Auf litterarischem Gebiet hat sich H. leider wenig bethätigt, obschon er durch seine gediegenen Kenntnisse und vielen Erfahrungen hierzu besonders befähigt erschien. Seiner Feder entstammen nur gelegentlich verfaßte kleine Arbeiten in den Jahrbüchern des Vereins für Naturwissenschaft zu Braunschweig, in den Veröffentlichungen der Section des landwirthschaftlichen Centralvereins für Acclimatisation und in den Jahresberichten des Harzer Forstvereins (s. z. B. den Bericht über die „Anbauversuche in Braunschweig“ im Jahrgang 1891, S. 6–30), sowie des Hils-Solling Forstvereins. Er betheiligte sich häufig und gern an den bezüglichen Jahresversammlungen, besuchte auch die Wanderversammlungen des Vereins der deutschen Forstwirthe, sowie die gewöhnlich zu derselben Zeit und am gleichen Ort stattfindenden [471] Versammlungen der Delegirten der forstlichen Versuchsanstalten fast regelmäßig. An den Debatten über die jährlichen Themata nahm er regen Antheil; zwar sprach er nicht häufig, aber wenn dies geschah, gründlich und streng sachlich. Manche werthvolle Anregung ist seinem kritischen Scharfblicke zu verdanken. Der „Arbeitsplan für forstliche Aestungsversuche“ wurde (unter Mitwirkung des Unterzeichneten als Correferenten) von ihm entworfen. Auch was er schrieb, zeugte von großer Gründlichkeit, so u. a. der schöne Nekrolog auf seinen Lehrer Theodor Hartig (Zeitschrift für Forst- und Jagdwesen, 1880, S. 292 bis 309), welchem er bis an sein Lebensende in dankbarer Verehrung zugethan blieb. Nur brauchte er – bei seinem bedächtigen, zu sehr überlegendem Wesen – zu seinen Arbeiten zu viele Zeit. Theils hierin, theils in seiner Ueberbürdung mit Verwaltungsgeschäften, nicht zum letzten auch in seiner Umständlichkeit und Kränklichkeit, ist es begründet, daß er die von ihm – auf Grund der von den deutschen forstlichen Versuchsanstalten angestellten Untersuchungen – übernommene Bearbeitung der Formzahl- und Massentafeln für die Rothbuche nicht zum Abschluß gebracht hat.

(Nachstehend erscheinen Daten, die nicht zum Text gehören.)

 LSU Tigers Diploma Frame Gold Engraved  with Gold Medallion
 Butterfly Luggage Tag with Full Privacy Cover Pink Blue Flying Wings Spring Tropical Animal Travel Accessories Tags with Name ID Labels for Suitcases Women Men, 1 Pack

Seine Persönlichkeit war in jeder Beziehung sympathisch. Sein ruhiges, bescheidenes Auftreten zeugte von feiner Bildung und ausgeprägtem Zartgefühl. Sein Wesen war im Allgemeinen – zumal Fremden gegenüber – ernst und zurückhaltend, mitunter eigenartig, da er unverheirathet einsam durchs Leben gehen mußte, mithin die Freuden des Familienglücks entbehrte. Im Freundeskreise konnte er aber auch heiter und gemüthlich sein. Wohlwollen, Milde gegen andere, Liebenswürdigkeit und Menschenfreundlichkeit bildeten die Grundzüge seines Charakters.
- Zeitschrift für Forst- und Jagdwesen 1897, S. 326 (Todesnachricht); S. 440 (Nekrolog, von Danckelmann). – Allgemeine Forst- und Jagd-Zeitung 1897, S. 184 (Todesanzeige); S. 414 (Nekrolog, von Grundner). – Forstwissenschaftliches Centralblatt 1897, S. 343 (Nekrolog, unterzeichnet L.). – Centralblatt für das gesammte Forstwesen 1897, S. 338 (Nekrolog mit Bild, unterzeichnet β.). – Eigene Kenntniß.